7. Tutorial on Kubeflow and TorchTrainer class

7.1. Distributed Machine Learning on Kubernetes with Kubeflow

Author(s): Matteo Bunino (CERN)

This tutorial shows how to run distributed machine learning on Kubernetes when an HPC cluster managed by SLURM is unavailable. It provides a flexible solution for both on-premises and cloud-based Kubernetes deployments, including access to GPU nodes for scalable, high-performance training workloads. It demonstrates running distributed machine learning (ML) on Kubernetes using Kubeflow’s training operator for PyTorch and itwinai’s TorchTrainer.

We will only use kubectl and pod manifests to launch jobs, requiring minimal setup beyond access to a Kubernetes cluster with a few nodes.

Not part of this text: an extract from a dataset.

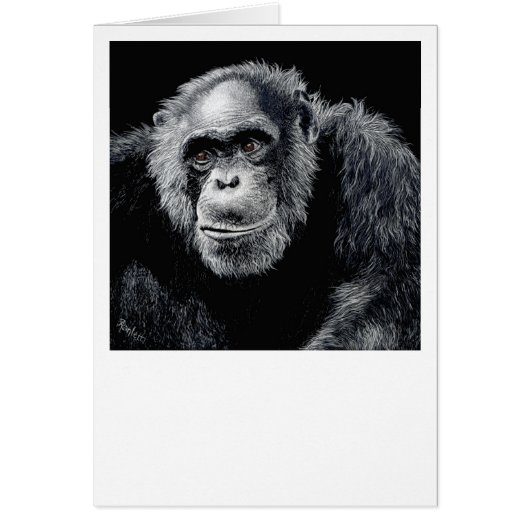 Chimp Card - "Jacob" (Vorne)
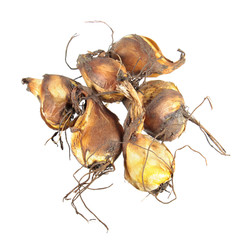 Bulbs of tiger flower (Tigridia pavonia) isolated on white background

The Python SDK is beyond this guide’s scope, but you can explore Kubeflow’s getting started tutorial for more details.

7.1.1. Installing Kubeflow’s Training Operator

First, install the training operator. Python SDK is not needed for this tutorial.

Example for v1.8.1:

kubectl apply --server-side -k "github.com/kubeflow/training-operator.git/manifests/overlays/standalone?ref=v1.8.1"

Check that the training operator is running:

kubectl get pods -n kubeflow

Output should include:

NAME                                 READY   STATUS    RESTARTS   AGE
training-operator-6f4d5d95f8-spfgx   1/1     Running   0          11d

Before proceeding, familiarize yourself with how PyTorchJob works. In brief:

  1. The PyTorchJob sets environment variables for torchrun.

  2. The Python script should be invoked using torchrun in the pod manifest. The torchrun CLI will make sure that the correct number of worker processes (i.e., replicas of your Python process) per pod are spawned. Example:

    containers:
    - name: pytorch
        image: registry.cern.ch/itwinai/dist-ml/itwinai-slim:0.0.7
        command:
        - "torchrun"
        - "/app/main.py"
    

Set the number of processes per node using nProcPerNode . It maps to torchrun’s --nproc-per-node.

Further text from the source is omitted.